China has moved into very advanced manufacturing, so you find in China the intersection of craftsman kind of skill, and sophisticated robotics and the computer science world. That intersection, which is very rare to find anywhere, that kind of skill, is very important to our business because of the precision and quality level that we like. The thing that most people focus on if they're a foreigner coming to China is the size of the market, and obviously it's the biggest market in the world in so many areas. But for us,
the number one attraction is the quality of the people.
I visited ICT--they manufacture, among other things, the AirPods for us. When you think about AirPods as a user, you might think it couldn't be that hard because it's really small. The AirPods have several hundred components in them, and the level of precision embedded into the audio quality--without getting into really nerdy engineering--it's really hard. And
it requires a level of skill that's extremely high.

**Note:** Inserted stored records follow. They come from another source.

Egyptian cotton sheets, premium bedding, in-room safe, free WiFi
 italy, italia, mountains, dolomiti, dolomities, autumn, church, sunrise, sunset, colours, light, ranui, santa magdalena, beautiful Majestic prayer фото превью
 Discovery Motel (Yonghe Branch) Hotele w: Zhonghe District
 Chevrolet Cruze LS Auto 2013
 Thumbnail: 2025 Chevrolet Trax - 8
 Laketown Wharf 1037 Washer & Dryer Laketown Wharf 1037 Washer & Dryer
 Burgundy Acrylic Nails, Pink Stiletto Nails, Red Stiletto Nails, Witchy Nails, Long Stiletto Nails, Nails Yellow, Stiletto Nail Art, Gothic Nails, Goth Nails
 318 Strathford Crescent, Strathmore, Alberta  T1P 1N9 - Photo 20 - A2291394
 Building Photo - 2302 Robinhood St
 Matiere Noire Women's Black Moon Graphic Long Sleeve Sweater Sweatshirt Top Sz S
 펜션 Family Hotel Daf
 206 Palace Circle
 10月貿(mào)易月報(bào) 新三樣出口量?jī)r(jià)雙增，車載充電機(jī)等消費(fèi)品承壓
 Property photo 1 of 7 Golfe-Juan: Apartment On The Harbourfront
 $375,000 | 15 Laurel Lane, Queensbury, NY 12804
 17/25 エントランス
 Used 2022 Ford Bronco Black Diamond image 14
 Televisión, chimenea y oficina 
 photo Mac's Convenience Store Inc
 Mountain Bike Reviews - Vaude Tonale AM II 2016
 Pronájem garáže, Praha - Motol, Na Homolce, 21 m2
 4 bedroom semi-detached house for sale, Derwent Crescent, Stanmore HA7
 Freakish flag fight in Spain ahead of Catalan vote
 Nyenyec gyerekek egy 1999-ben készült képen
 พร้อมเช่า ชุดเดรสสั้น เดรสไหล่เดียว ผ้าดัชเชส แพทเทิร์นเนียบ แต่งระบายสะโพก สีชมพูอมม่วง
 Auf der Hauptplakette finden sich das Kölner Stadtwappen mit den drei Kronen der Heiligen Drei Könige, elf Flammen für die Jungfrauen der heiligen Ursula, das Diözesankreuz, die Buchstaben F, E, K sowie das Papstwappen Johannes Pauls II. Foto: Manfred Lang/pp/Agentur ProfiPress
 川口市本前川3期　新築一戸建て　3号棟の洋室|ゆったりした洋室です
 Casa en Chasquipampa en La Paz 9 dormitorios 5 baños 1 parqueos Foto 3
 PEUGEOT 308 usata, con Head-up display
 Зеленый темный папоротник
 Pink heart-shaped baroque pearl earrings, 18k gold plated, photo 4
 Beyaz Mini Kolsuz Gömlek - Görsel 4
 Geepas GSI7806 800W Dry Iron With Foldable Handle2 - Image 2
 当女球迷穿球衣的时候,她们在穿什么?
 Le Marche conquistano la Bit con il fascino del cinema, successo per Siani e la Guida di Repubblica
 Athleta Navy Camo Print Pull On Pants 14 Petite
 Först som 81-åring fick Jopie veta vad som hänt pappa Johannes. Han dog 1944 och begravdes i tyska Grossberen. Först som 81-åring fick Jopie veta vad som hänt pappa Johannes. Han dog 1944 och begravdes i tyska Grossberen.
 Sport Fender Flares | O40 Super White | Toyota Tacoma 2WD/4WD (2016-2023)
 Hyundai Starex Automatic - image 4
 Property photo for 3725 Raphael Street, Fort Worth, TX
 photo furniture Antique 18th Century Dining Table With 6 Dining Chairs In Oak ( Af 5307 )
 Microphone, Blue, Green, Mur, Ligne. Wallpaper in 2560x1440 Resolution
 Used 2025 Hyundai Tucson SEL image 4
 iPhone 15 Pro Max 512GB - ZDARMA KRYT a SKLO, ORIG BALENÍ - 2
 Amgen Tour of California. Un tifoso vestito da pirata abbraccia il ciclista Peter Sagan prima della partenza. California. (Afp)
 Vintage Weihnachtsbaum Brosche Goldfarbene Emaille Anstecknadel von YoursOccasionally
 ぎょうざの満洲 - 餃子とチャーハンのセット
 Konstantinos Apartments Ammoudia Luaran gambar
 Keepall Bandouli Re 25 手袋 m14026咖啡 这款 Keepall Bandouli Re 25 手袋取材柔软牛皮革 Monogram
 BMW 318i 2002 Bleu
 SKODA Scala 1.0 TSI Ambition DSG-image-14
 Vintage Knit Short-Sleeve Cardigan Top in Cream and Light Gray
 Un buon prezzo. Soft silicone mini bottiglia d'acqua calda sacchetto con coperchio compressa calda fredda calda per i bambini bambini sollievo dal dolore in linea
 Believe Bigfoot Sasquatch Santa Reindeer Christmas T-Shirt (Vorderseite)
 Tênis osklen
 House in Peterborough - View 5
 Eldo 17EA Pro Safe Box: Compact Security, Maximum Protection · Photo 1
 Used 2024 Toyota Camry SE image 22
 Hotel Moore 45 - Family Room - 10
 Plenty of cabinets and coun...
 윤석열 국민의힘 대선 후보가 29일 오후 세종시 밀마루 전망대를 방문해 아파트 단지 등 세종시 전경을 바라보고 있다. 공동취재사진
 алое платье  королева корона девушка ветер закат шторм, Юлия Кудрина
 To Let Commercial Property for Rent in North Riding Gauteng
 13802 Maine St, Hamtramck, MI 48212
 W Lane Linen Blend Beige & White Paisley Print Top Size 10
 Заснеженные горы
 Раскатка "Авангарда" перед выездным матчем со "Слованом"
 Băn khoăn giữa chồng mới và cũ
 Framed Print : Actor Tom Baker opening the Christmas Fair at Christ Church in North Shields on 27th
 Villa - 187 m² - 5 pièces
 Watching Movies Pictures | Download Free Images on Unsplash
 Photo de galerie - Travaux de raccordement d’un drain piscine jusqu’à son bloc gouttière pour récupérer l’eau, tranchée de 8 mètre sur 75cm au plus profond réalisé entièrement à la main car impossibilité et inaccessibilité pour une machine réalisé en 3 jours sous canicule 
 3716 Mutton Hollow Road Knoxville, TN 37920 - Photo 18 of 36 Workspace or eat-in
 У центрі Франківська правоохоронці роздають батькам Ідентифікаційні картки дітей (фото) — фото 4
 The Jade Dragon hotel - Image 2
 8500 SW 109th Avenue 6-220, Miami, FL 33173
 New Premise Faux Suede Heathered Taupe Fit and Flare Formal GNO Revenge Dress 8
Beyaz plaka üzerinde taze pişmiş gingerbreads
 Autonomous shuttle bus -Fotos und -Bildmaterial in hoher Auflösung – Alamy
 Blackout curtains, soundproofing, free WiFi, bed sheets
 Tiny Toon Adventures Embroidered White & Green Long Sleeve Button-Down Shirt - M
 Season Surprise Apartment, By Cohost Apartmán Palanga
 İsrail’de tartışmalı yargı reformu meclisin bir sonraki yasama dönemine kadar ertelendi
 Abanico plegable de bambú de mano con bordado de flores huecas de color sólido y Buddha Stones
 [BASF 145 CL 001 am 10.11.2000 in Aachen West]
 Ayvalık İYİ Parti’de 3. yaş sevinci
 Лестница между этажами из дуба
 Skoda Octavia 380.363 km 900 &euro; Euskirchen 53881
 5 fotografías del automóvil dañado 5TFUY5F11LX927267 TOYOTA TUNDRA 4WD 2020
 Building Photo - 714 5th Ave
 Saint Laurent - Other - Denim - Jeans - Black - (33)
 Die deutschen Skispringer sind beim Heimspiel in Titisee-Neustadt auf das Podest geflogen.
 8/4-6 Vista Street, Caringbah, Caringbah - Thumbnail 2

It's not designed and sent over--that sounds like there's no interaction. The truth is, the process engineering and process development associated with our products require innovation in and of itself. Not only the product but the way that it's made, because we want to make things in the scale of hundreds of millions, and we want the quality level of zero defects. That's always what we strive for, and the way that you get there, particularly when you're pushing the envelope in the type of materials that you have, and the precision that your specifications are forcing, requires a kind of hand-in-glove partnership. You don't do it by throwing it over the chasm. It would never work. I can't imagine how that would be.
There's a confusion about China. The popular conception is that companies come to China because of low labor cost. I'm not sure what part of China they go to, but
the truth is China stopped being the low-labor-cost country many years ago. And that is not the reason to come to China from a supply point of view.
The reason is because of the skill, and the quantity of skill in one location and the type of skill it is.
The products we do require really advanced tooling, and the precision that you have to have, the tooling and working with the materials that we do are state of the art. And
the tooling skill is very deep here. In the U.S., you could have a meeting of tooling engineers and I'm not sure we could fill the room. In China, you could fill multiple football fields.
The vocational expertise is very very deep here, and I give the education system a lot of credit for continuing to push on that even when others were de-emphasizing vocational. Now I think many countries in the world have woke up and said this is a key thing and we've got to correct that. China called that right from the beginning.”